ACTIVITY – Write again exactly the lines in the listing below, starting at the line with "50×50mm Lensa Square" and ending at the line with "Professional woman presents", both included. Pictures are not copied.

INFORMATION SHOWN –

────────

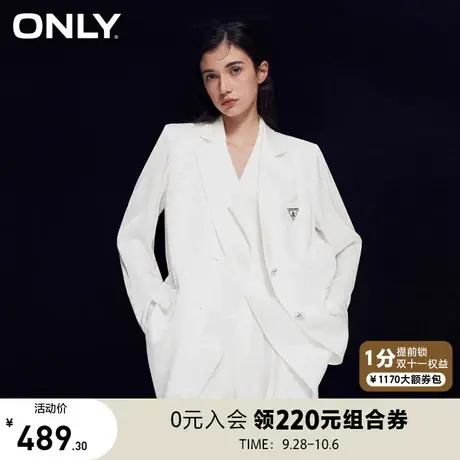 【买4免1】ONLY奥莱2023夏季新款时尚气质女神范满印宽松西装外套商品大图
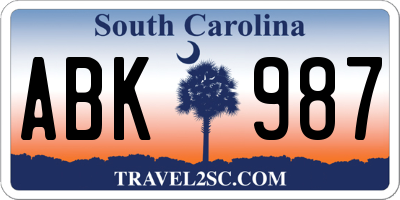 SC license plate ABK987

────────

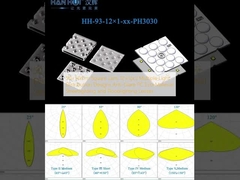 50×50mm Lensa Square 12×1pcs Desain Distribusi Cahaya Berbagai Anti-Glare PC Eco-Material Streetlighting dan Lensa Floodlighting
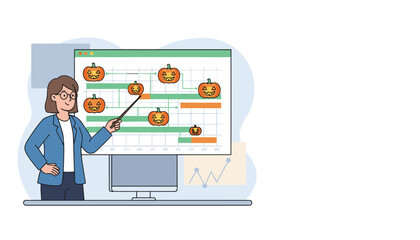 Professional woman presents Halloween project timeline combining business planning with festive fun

────────

RESPONSE TO THE EXERCISE –
 50×50mm Lensa Square 12×1pcs Desain Distribusi Cahaya Berbagai Anti-Glare PC Eco-Material Streetlighting dan Lensa Floodlighting
 Professional woman presents Halloween project timeline combining business planning with festive fun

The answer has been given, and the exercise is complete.